Good call with the haughty attitude though. ;-)

sister AE said...

Well, now that you have THAT unpleasantness finished, the rest of the weekend will have to be smooth sailing. Right? (maybe you shouldn't answer that...)

Lulubelle B said...

OMG! Major LOL and snorting! Oh hell - now I have to pee!!

Mrs. Schmitty said...

YOu need to grocery shop somewhere else. Maybe online? Do they deliver? Poor girl!

jenny said...

oh god, let me event a time machine so you can go back and do this day again!

I havnt done the two different shoes thing but I have gone out in my house slippers once...or twice....and with a shirt inside out...and once with a BIG sale ticket hanging out the back...oh the shame!

dive said...

Non matching top and skirt; non-matching shoes; a smear of blue across your forehead. Now that's my kind of woman, Maria.
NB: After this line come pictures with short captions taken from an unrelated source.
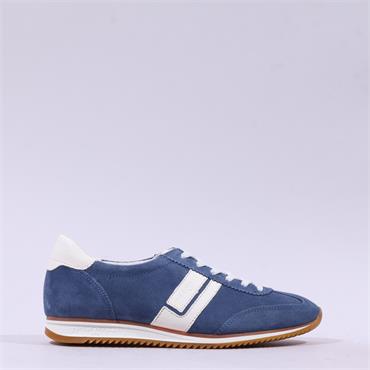 Paul Green Retro Side Panel Lace Trainer - Blue Suede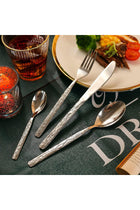 Stainless Steel Silverware, Set for 4 (20PCS) Flatware Knife Fork Spoon Stone Pattern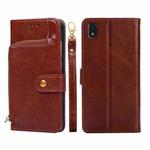 For ZTE Blade L210 Zipper Bag PU + TPU Horizontal Flip Leather Phone Case(Brown)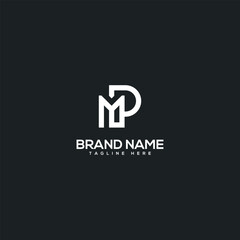 Alphabet minimal letter MP PM logo design template - vector.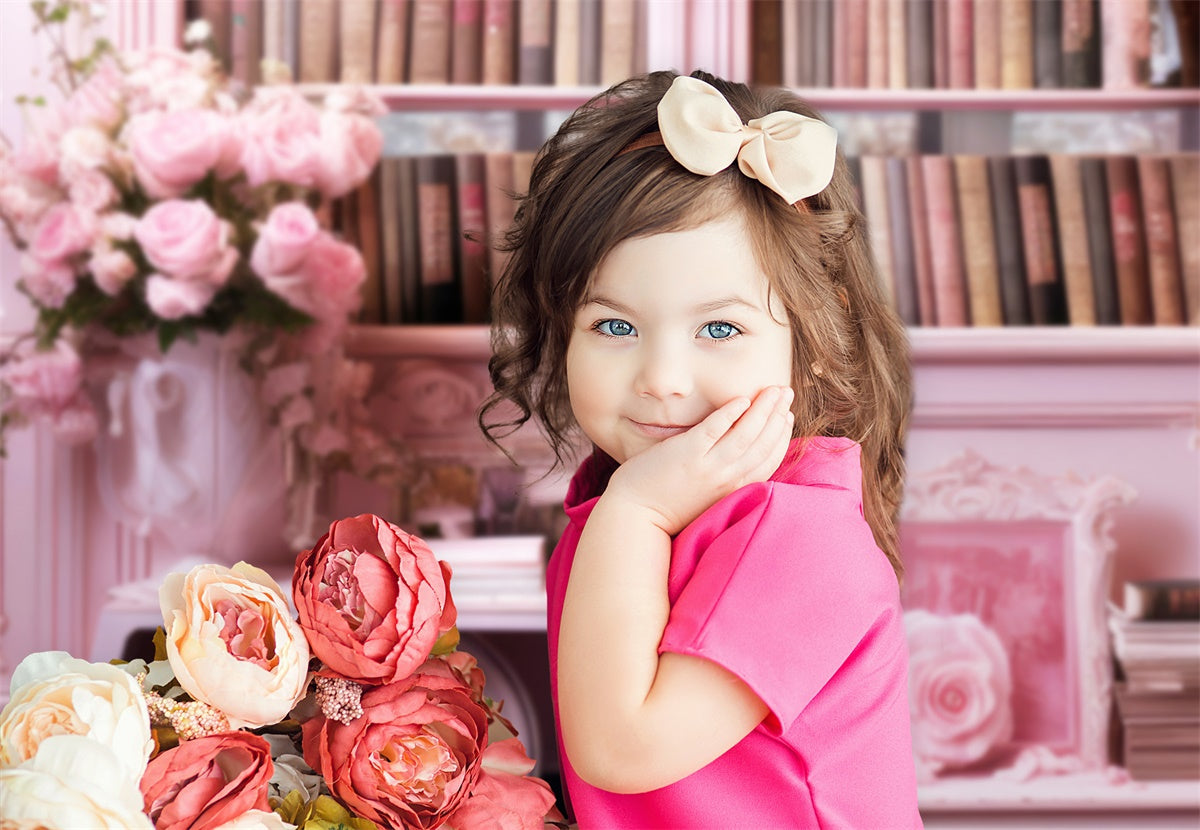 Sfondo Della Libreria Mobile Con Carrello Di Fiori Rosa M1-06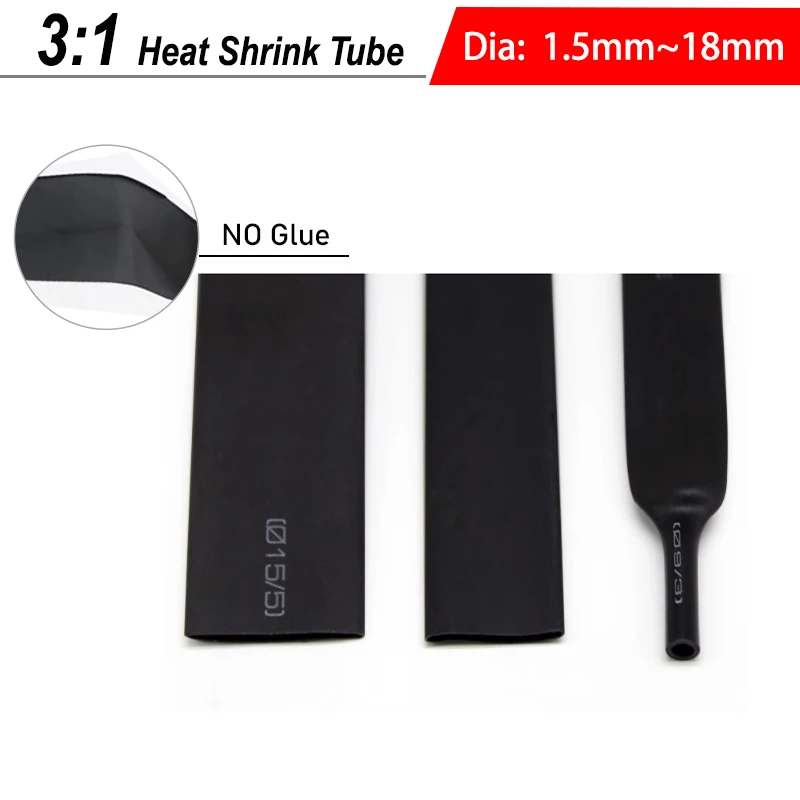 

3:1 Black Heat Shrink Tube No Glue 1.5/3/4.5/6/9/12/15/18/24/30/39/50mm Insulated Shrinkable Waterproof Protection Cable Sleeve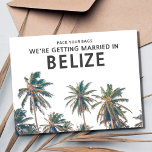 Belize Bestemming Bruiloft Save the Date Aankondigingskaart<br><div class="desc">Tropische strandbruiloft bewaar de datum briefkaarten voor uw Belize-strandbruiloft. Dit prachtige tropische briefkaart voor het ontwerpen van strandpalmbomen is de perfecte manier om uw huwelijksplannen aan uw familie en vrienden bekend te maken.</div>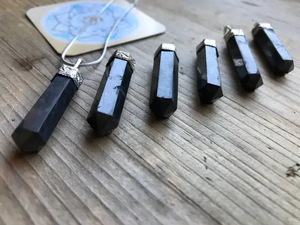 Vente en gros de pointes de cristal de shungite noire naturelle, pendentif en forme de crayon, pierre précieuse, guérison des chakras, Feng Shui, méditation, cadeaux, bijoux - Product Image 6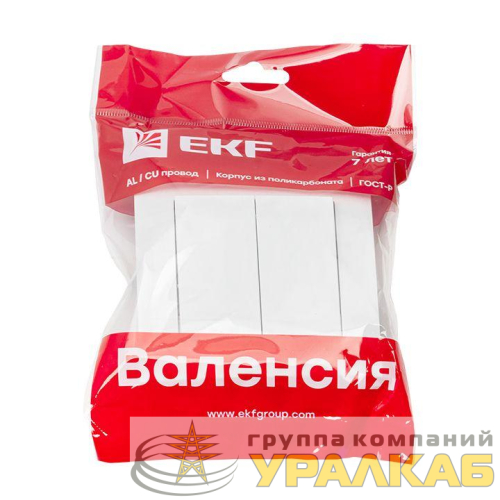 Выключатель 2-кл. СП Валенсия 10А IP20 бел. PROxima EKF 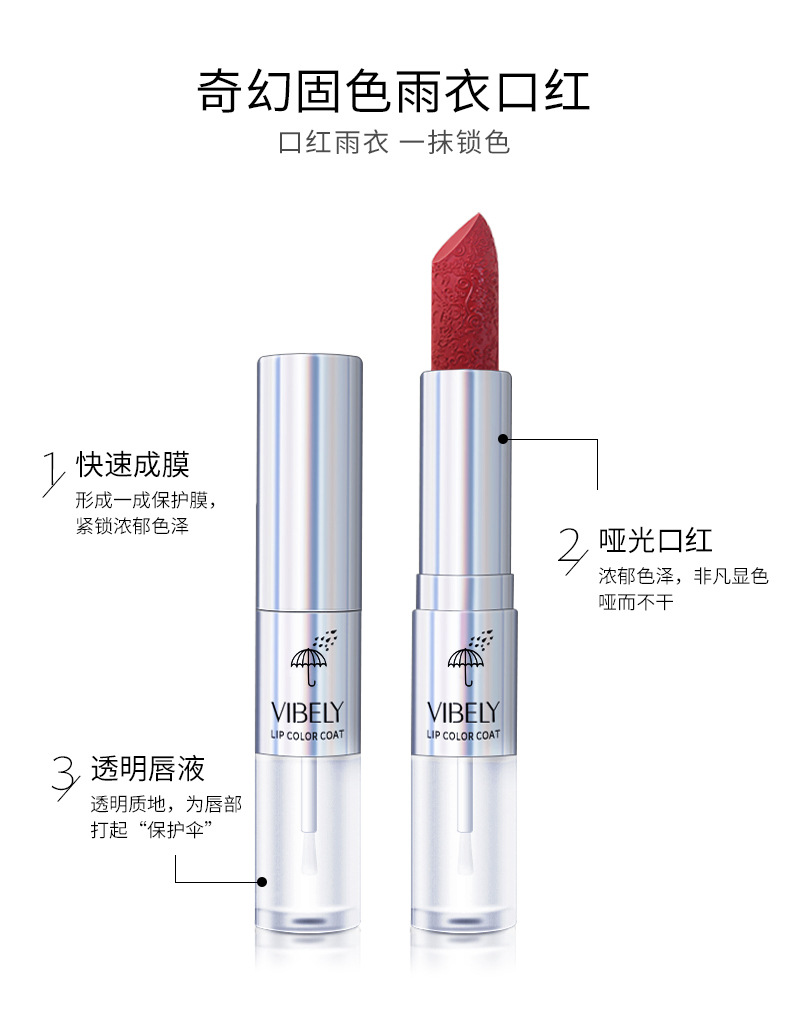 VIBELY Dual-head Lipstick Raincoat Non-stick Cup Long-lasting matte Bright Red 999 Lipstick Two-in-one Lip Gloss Specification drawing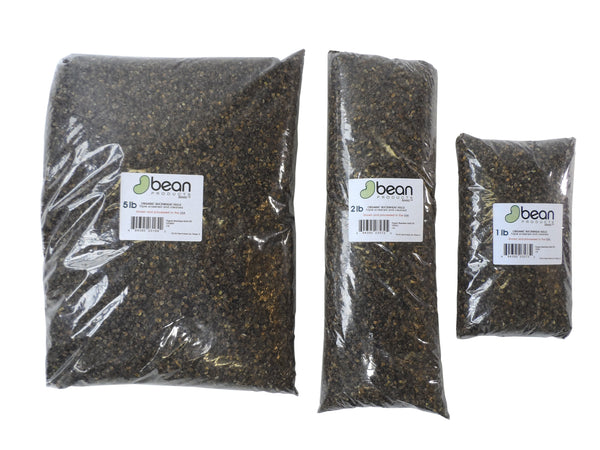 Three packages of 'bean' seeds with labels on a white background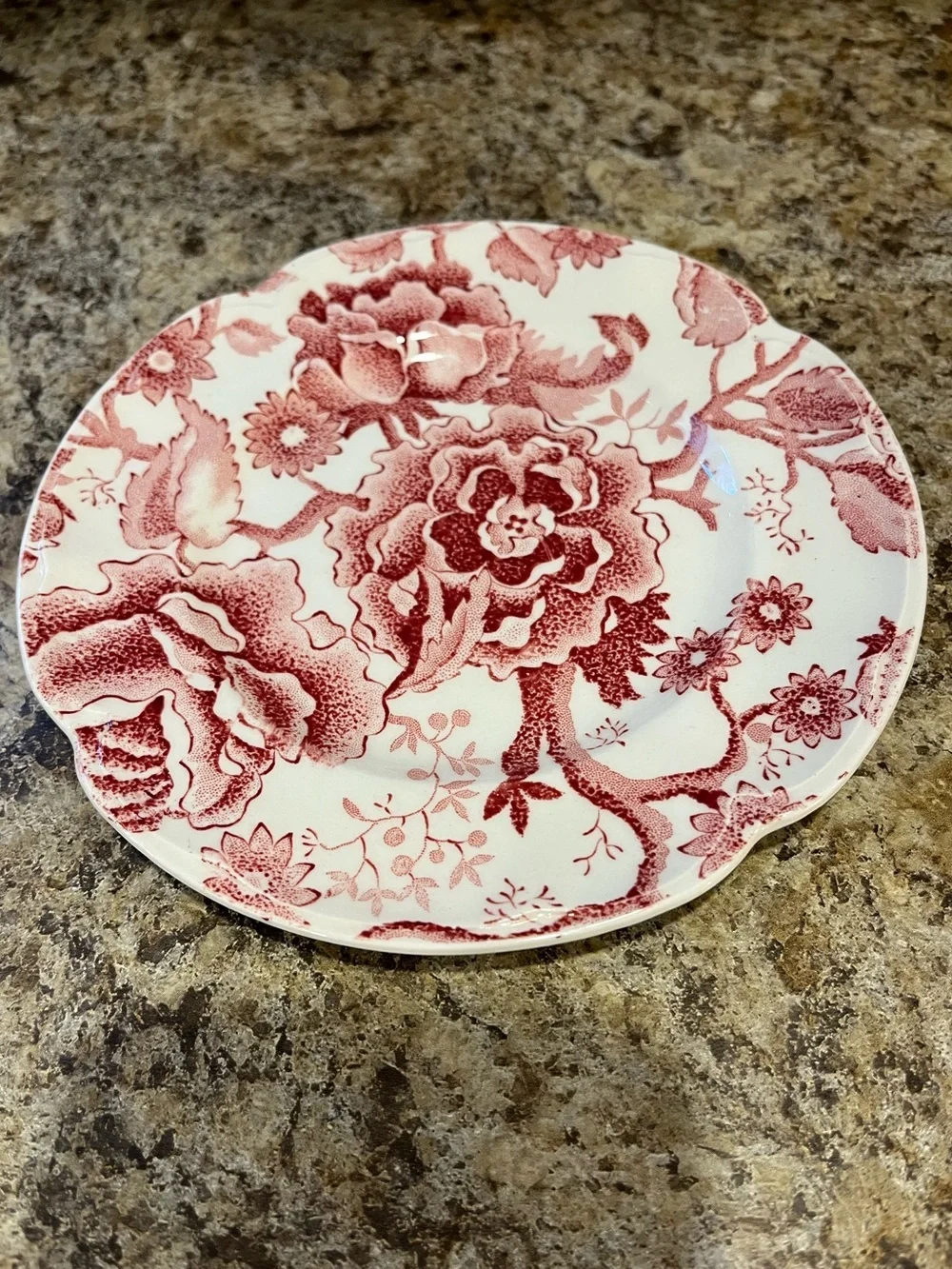 Vintage Johnson Brothers English Chippendale Red Floral 6” Salad Plate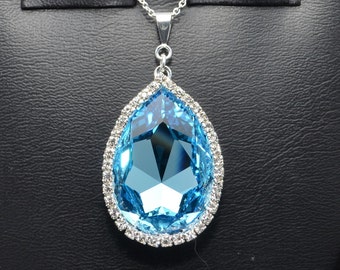 Bridal Necklace 30x20mm Swarovski Faceted Pear Teardrop Pendant Surrounded by Tiny Crystals - Many Different Colors - SW8FP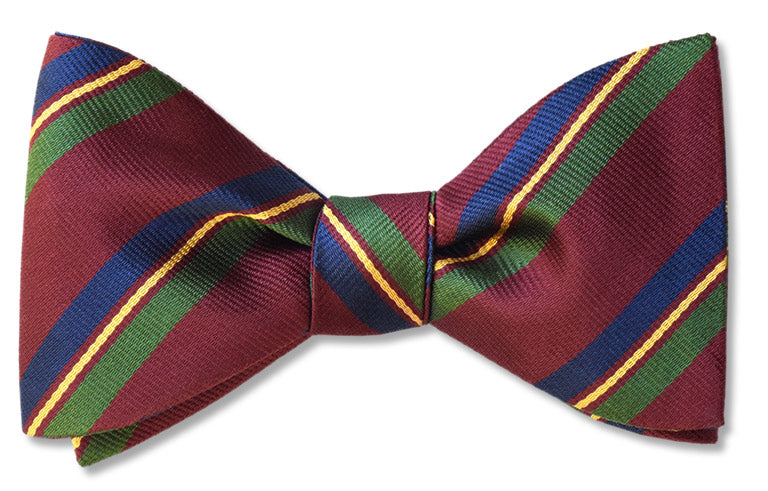 Burgundy Stripe Men's Bow Tie
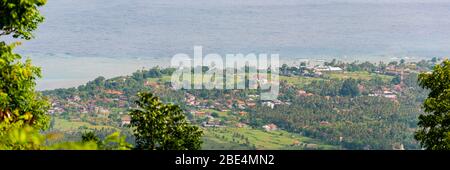 Horizontale Panoramasicht von Lovina in Bali, Indonesien. Stockfoto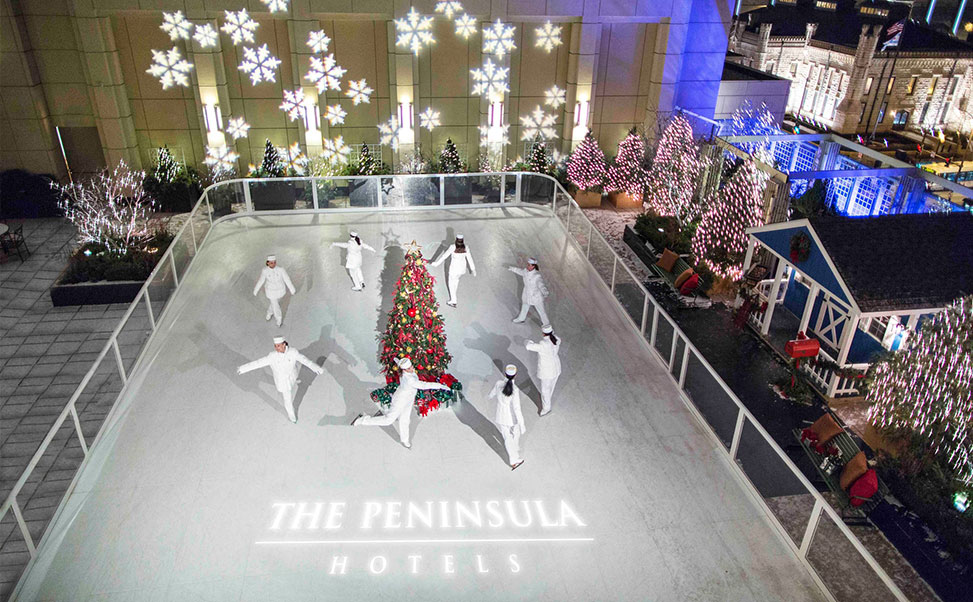 Synthethic ice rink at the Peninsula Hotel Chicago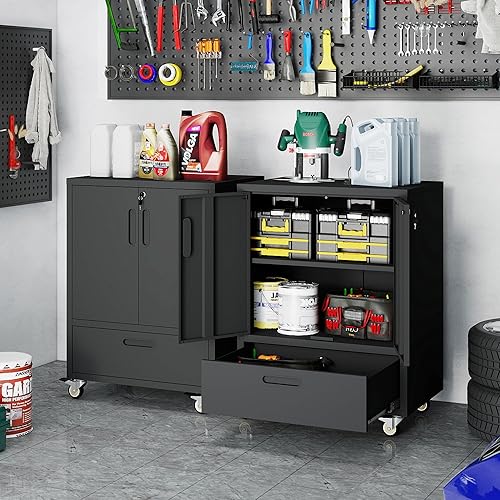 Vista 30 de Armario de almacenamiento de metal con estantes ajustables, armario de herramientas de garaje con 2 puertas con cerradura para oficina, hogar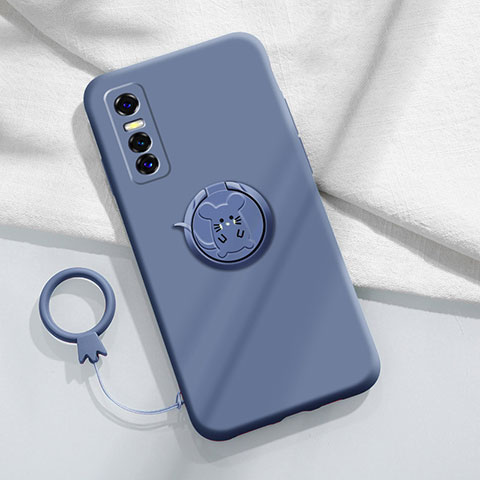 Coque Ultra Fine Silicone Souple Housse Etui avec Support Bague Anneau Aimante Magnetique S01 pour Vivo Y73s 5G Gris Lavende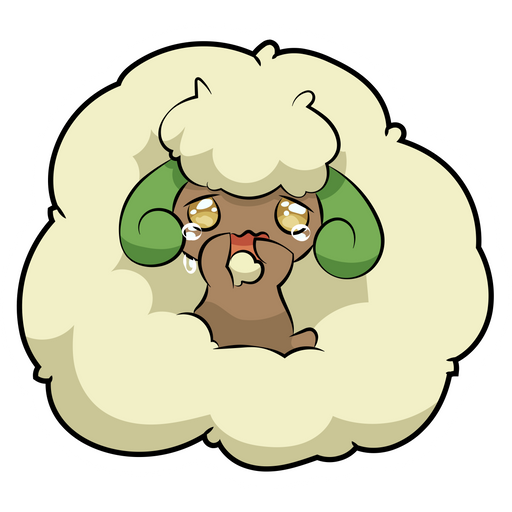 here is a Pokemon Whimsicott Crying Sticker from the Pokemon collection for sticker mania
Hee hee.
Now I'm going to have to go make oats with goat's milk yogurt. Yum!

Angelissima said...

Whole Foods. That place is a joke. Who needs to pay 5.95 for a bunch of parsley?

Is it hard to find McCanns and Goat Milk Yogurt out there? ...we can buy that stuff at Shoprite. PLUS...
Whole Foods CEO John Mackey is a CREEP. Google him!
From Salon:

"Mackey, has emerged as both a hero and antihero of the environmental movement. He makes no apologies for running a large, consolidated operation that imports produce and displaces local farmers and small vendors. A notorious foe of unions, he's a staunch libertarian described by The New York Times Magazine as a man "who admires Ronald Reagan and prefers The Wall Street Journal editorial page to this newspaper's."

EW! BANNED.

Robyn said...

Ok, you have to be making up the part about the toilet paper trailing from your shoe.

Very funny, and so very human. I do like your writing style, Maria. Ha.

zirelda said...

I almost spit my coffee all over my keyboard laughing so hard.

You poor woman. Talk about a day where you shoulda stayed in bed.

I've done the blush thing before. And the one where you put eyeliner only on one eye because you got distracted in the middle.

I feel for you.

simonsays said...

Only you could make an entertaining, upbeat, happy post about a really rotten day. I am still laughing...thanks for the chuckle---it's a day when I really need it....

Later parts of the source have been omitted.